Two Sprint Corporation customers have filed a complaint against the mobile service provider in connection with the company’s Flex Lease Agreement program. The Central District of California lawsuit alleged that the Flex Lease program includes unfair, confusing, and ambiguous terms that ultimately gouge customers’ pocketbooks.
Last Friday’s filing explained that Sprint, which merged with T-Mobile US last April, offers the Flex Lease program to provide customers with a leased mobile phone device at a low monthly cost and the ability to cancel the contract after a set time period. However, consumers allegedly pay significantly more than the value of their devices due to Sprint’s ongoing monthly charges after the contract period concludes.

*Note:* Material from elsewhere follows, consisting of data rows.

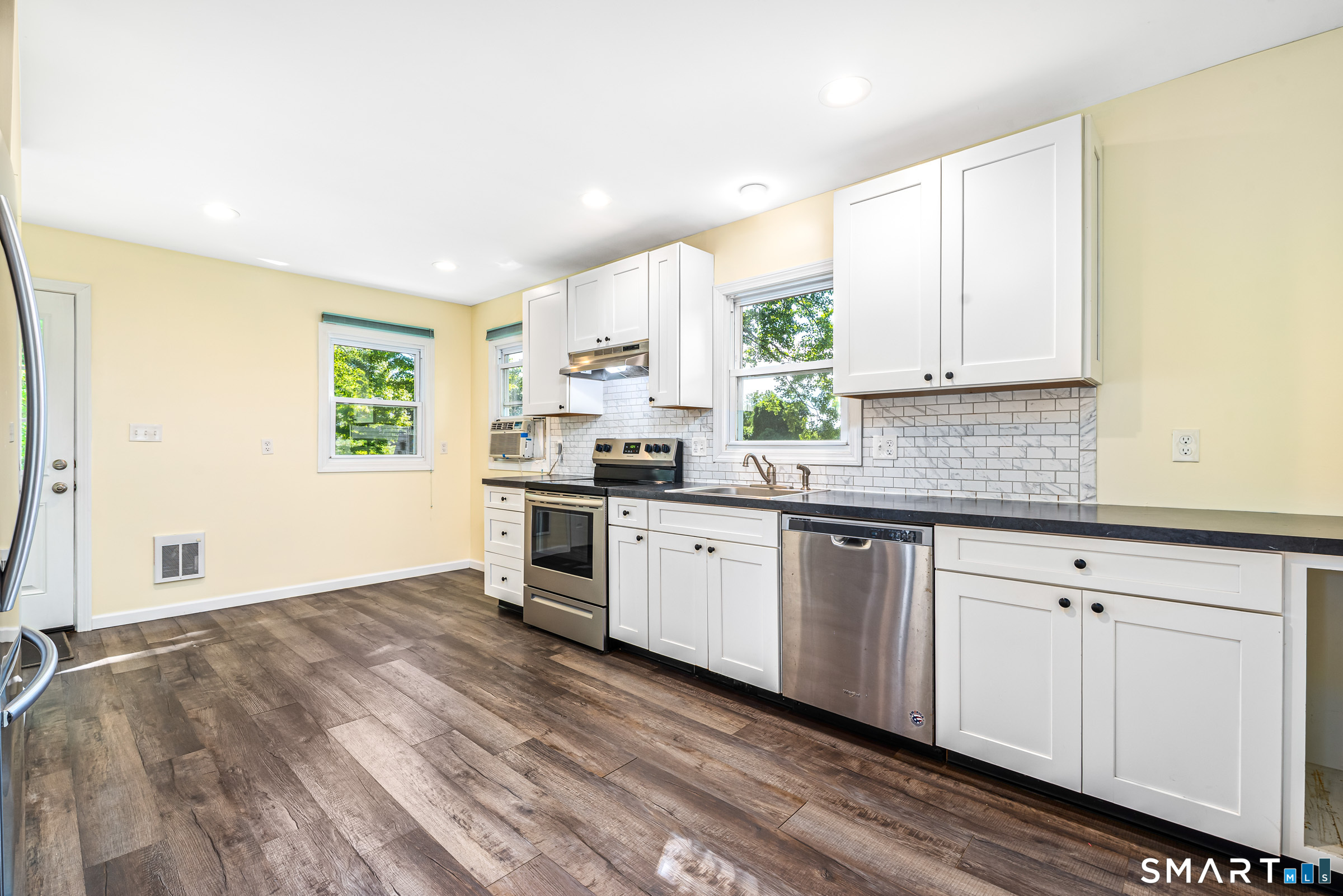 30 Carter Hill Road Clinton CT 06413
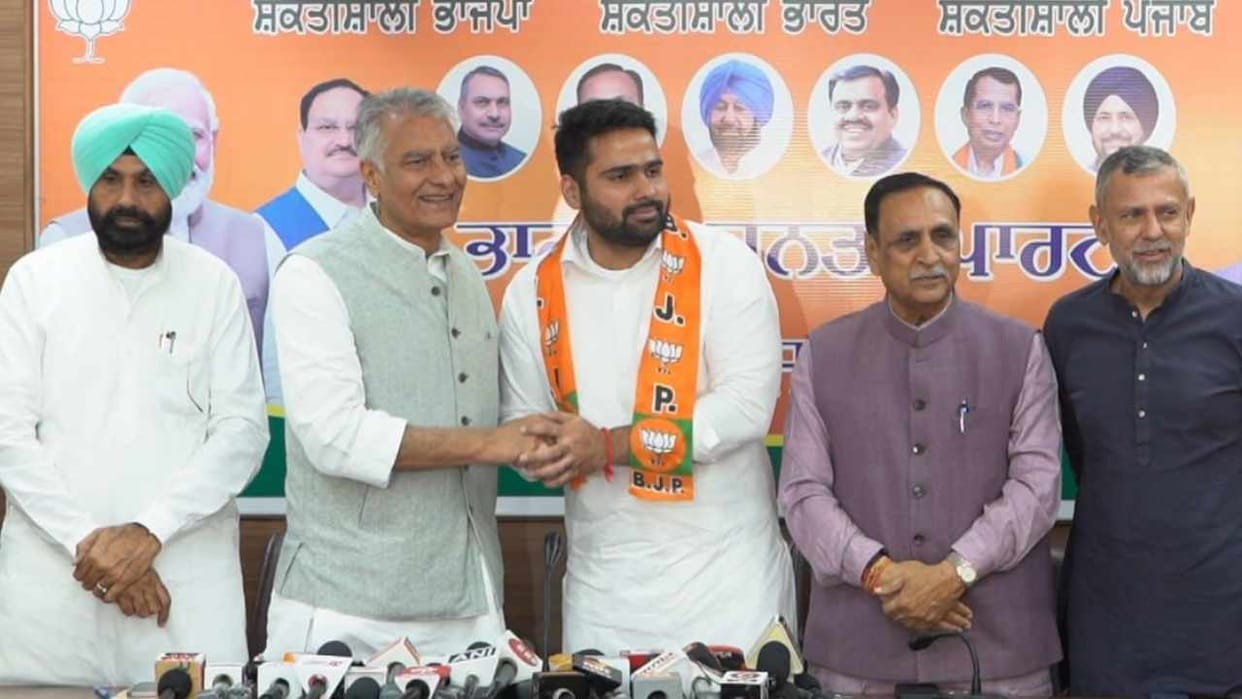 Punjab Youth Congress Vice President Akshay Sharma joined BJP after resigning from party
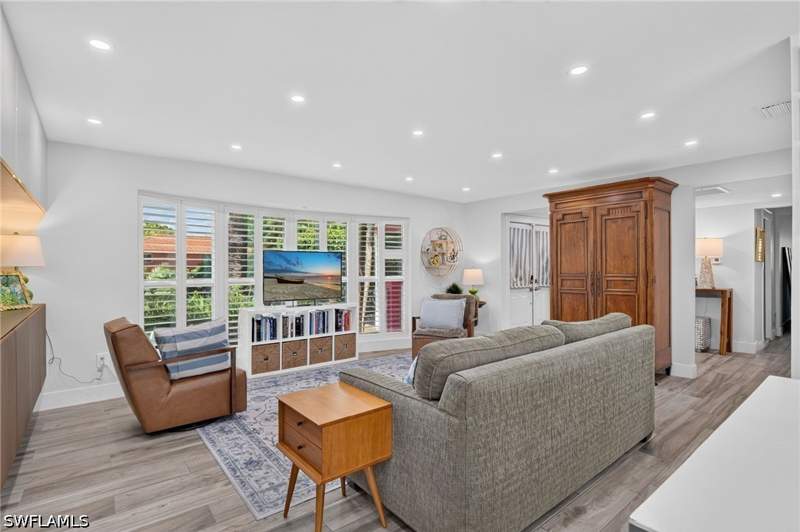 5 bedroom SingleFamilyResidence at 1771 Coral Way, Yacht Club Colony, North Fort Myers — photo 5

Specifically, when the lease ends, customers have the option to buy the phone from Sprint, though, by that time, they have reportedly already paid an amount greater than or equal to the phone’s value in lease fees. Customers’ second option is to cancel, which is an exercise in futility because when they try, they are unable to, according to the complainants. With no realistic option to own the device or cancel their lease, Sprint customers are reportedly left paying lease fees to Sprint “indefinitely.”
The putative class action complaint sought the certification of a nationwide class and a California sub-class. It asserted violations of California’s Unfair Competition Law and the state’s Consumer Legal Remedies Act. In addition, the plaintiffs sought recovery for common law fraud, conversion, and unjust enrichment.
The plaintiffs are represented by Sauder Schelkopf LLC and Nye, Stirling, Hale & Miller LLP.